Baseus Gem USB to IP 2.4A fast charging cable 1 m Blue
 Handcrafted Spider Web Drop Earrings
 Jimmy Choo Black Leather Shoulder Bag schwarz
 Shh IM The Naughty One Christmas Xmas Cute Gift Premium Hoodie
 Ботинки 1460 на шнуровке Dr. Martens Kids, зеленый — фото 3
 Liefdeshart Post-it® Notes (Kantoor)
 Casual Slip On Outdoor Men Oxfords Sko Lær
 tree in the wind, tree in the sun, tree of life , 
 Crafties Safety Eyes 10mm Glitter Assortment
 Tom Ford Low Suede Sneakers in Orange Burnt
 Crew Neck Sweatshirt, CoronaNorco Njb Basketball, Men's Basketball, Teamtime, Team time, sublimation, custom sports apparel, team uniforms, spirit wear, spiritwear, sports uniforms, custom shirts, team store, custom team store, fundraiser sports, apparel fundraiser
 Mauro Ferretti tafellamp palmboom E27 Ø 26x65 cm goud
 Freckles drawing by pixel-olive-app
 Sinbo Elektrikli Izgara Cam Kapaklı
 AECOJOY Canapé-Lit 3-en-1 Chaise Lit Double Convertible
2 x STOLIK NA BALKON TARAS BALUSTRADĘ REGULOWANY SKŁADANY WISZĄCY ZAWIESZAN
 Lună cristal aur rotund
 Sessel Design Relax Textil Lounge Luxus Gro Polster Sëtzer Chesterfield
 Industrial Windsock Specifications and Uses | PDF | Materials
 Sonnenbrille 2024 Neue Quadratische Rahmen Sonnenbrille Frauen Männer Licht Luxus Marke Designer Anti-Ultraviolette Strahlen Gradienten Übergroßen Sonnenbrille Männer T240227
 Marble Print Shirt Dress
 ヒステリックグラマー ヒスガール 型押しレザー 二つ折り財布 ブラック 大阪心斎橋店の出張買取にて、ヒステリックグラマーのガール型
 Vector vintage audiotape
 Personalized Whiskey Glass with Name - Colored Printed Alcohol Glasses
====
Prompt :: Would you please copy, word for word, everything above from the line containing "Sinbo Elektrikli Izgara Cam Kapaklı" down to the line containing "Lună cristal aur rotund", those two lines included?

Exercise answer ::
 Sinbo Elektrikli Izgara Cam Kapaklı
 AECOJOY Canapé-Lit 3-en-1 Chaise Lit Double Convertible
2 x STOLIK NA BALKON TARAS BALUSTRADĘ REGULOWANY SKŁADANY WISZĄCY ZAWIESZAN
 Lună cristal aur rotund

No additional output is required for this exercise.